**Work to complete**
Without any pictures, retype exactly the lines that begin at the one holding "Best Construction Debris" and end at the last line of the data below.

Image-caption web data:
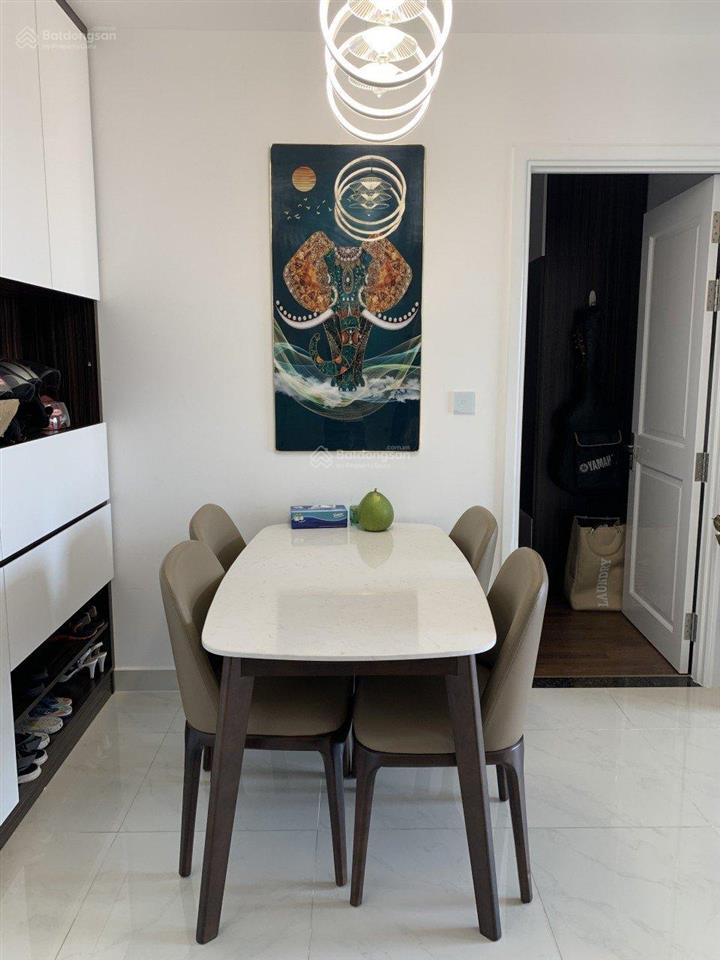 Bán cc hoàng tháp plaza, 5,6tỷ, 115m2, 3pn + 2wc, đầy đủ nội thất, giá cực chất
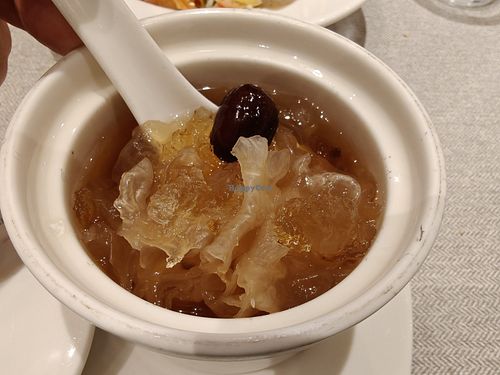 Desserts at elemen 元素 - HarbourFront in Central Singapore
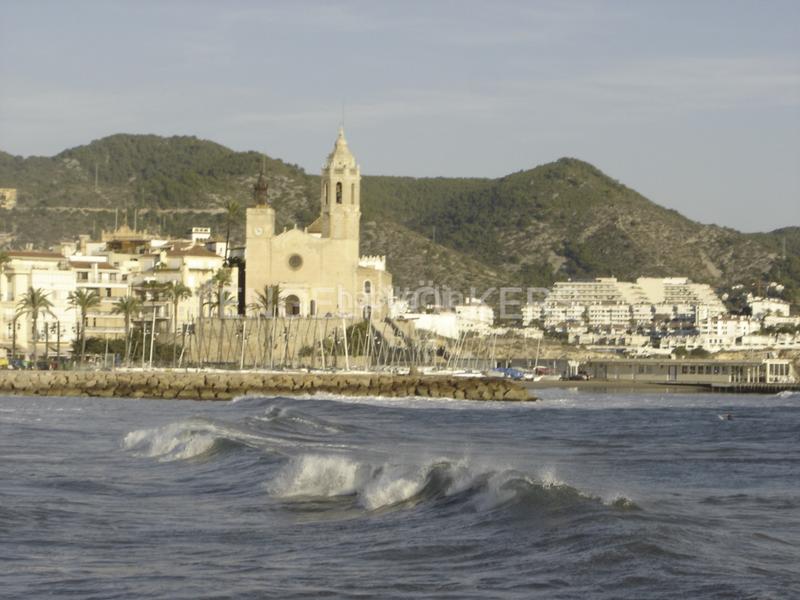 Foto 37824012-4b01-4700-9dae-afd1fdeeaa0b. Casa adosada proyecto con mucho potencial en Can Pei, ! en Sitges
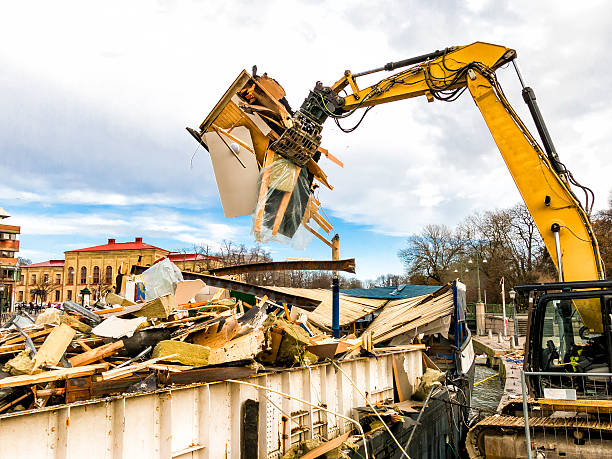 Best Construction Debris Removal  in Henryville, IN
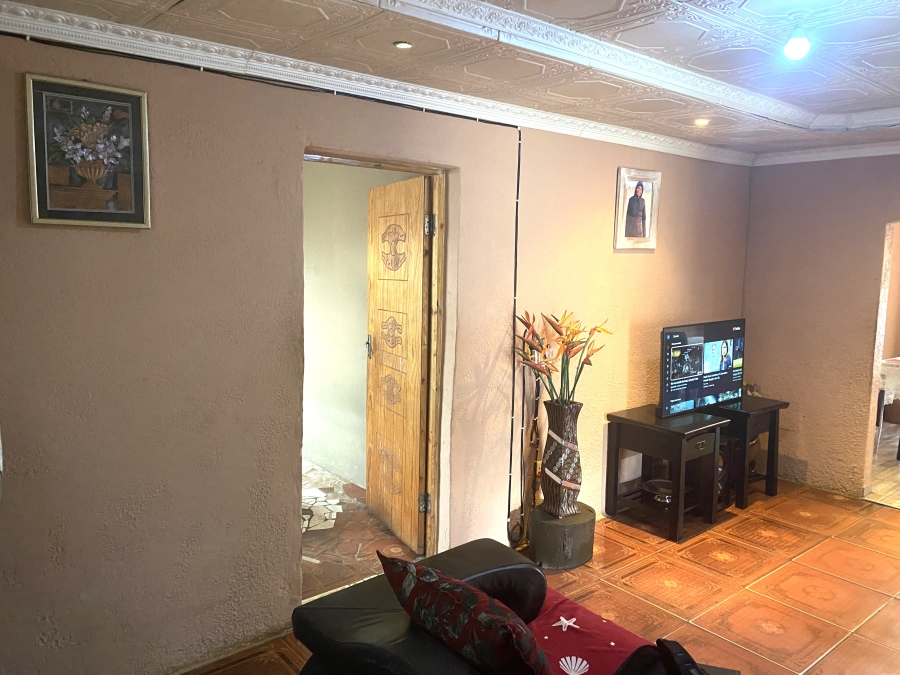 6 Bedroom Property for Sale in Palm Ridge Gauteng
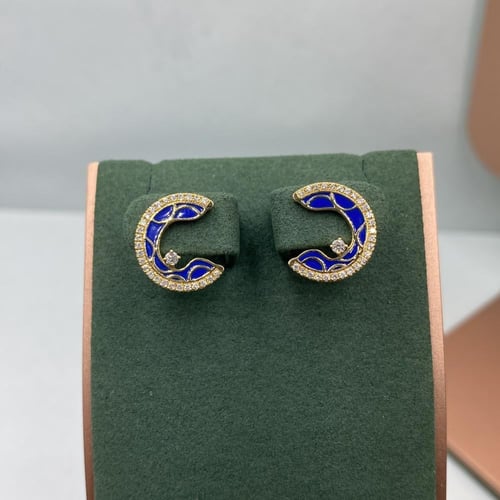 حلق الماس بتصميم هلال ازرق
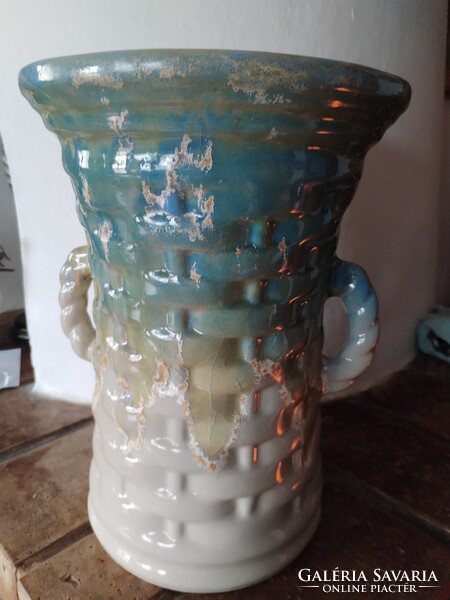 Széles, mázas váza eladó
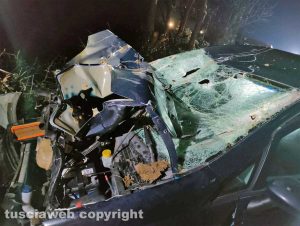 Scontro auto-trattore in strada Ombrone, due feriti gravi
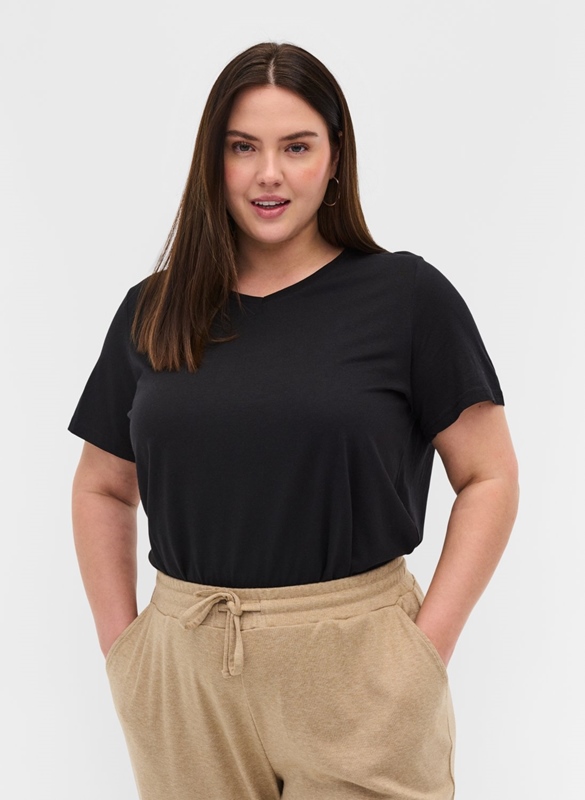 Basic-Shirt mit V-Ausschnitt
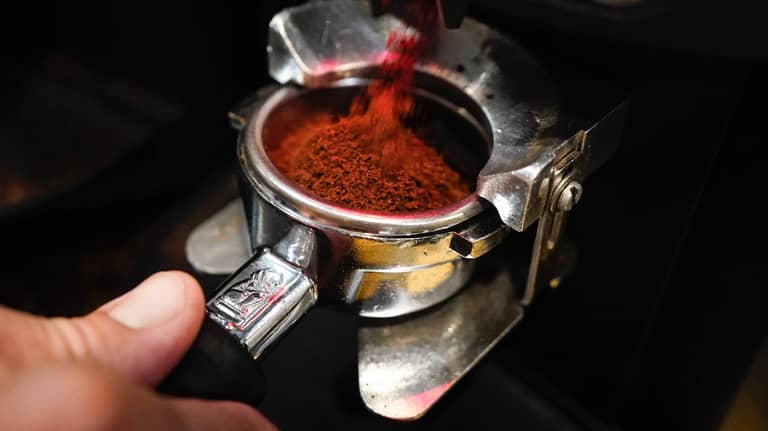 مقاهي الجزائر تبيع القهوة "بخسارة"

**Task response**
 Best Construction Debris Removal  in Henryville, IN
 6 Bedroom Property for Sale in Palm Ridge Gauteng
 حلق الماس بتصميم هلال ازرق
 Széles, mázas váza eladó
 Scontro auto-trattore in strada Ombrone, due feriti gravi
 Basic-Shirt mit V-Ausschnitt
 مقاهي الجزائر تبيع القهوة "بخسارة"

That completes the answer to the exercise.